Bea Reads: ‘A Possible Life’

A Possible Life by Sebastian Faulks

My rating: 6/10

One Sentence Verdict: Profound and vivid portrayals of five different people’s stories, seems a little fragmented but evokes sincere feeling in the reader


Unpopular opinion: I didn’t like Birdsong. No, I haven’t seen the film. Perhaps I’d prefer it to the book. I read Birdsong, by the same author, last summer, and I have to say that I didn’t find it interesting at all. I thought the romance was a bit half-baked, and I wasn’t rooting for anyone. The main characters annoyed me. So I don’t know what the fuss was about. The book was immensely popular, so maybe it’s just my bad taste.

This shorter book by Faulks, a collection of five shorter stories which follow the lives of people so different that there can be no link between them other than the fact they are human, and flawed, was much more enjoyable a read. However, I found that the length of the stories meant that they fell short of being truly satisfying narratives, but there can be no denying that the work as a whole is evocative and thought-provoking. These glimpses into the lives of people who are so different, means that the reader gains more than they would from just sticking to one genre or time period, as many of us are wont to do.

The first of the five stories, A Different Man, is about a young British teacher who goes to serve as an officer in the Second World War, and becomes interned in a concentration camp, before miraculously making it back home, though irreversibly changed by his harrowing ordeal. Placed in the Sonderkommando, burning the bodies of the prisoners murdered in the gas chambers, the young man eventually manages to escape and returns to England, and to his teaching job, a different man to when he left.

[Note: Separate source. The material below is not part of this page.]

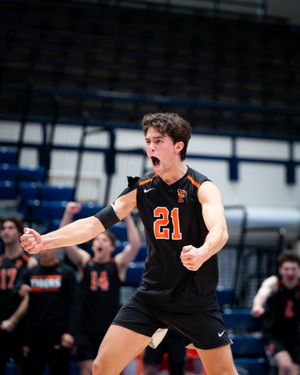 Image post by @princetonvolley on Instagram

The next tale, named The Second Sister, follows the life of a boy sent to a Victorian workhouse when his family cannot afford to feed all their children. As an adult, he marries a girl he knew in the workhouse, but when she is detained in a mental asylum, begins a life with her sister. Their lives are turned upside down when his wife returns from the asylum, her illness having receded.

The third story, Everything Can Be Explained, is about a young Italian girl whose father brings home an orphaned boy to live with them. She comes to love him, despite hating the intruder at first. When her father dies, a lack of money means he is sent away, but they eventually meet again, though not necessarily in the happiest of circumstances.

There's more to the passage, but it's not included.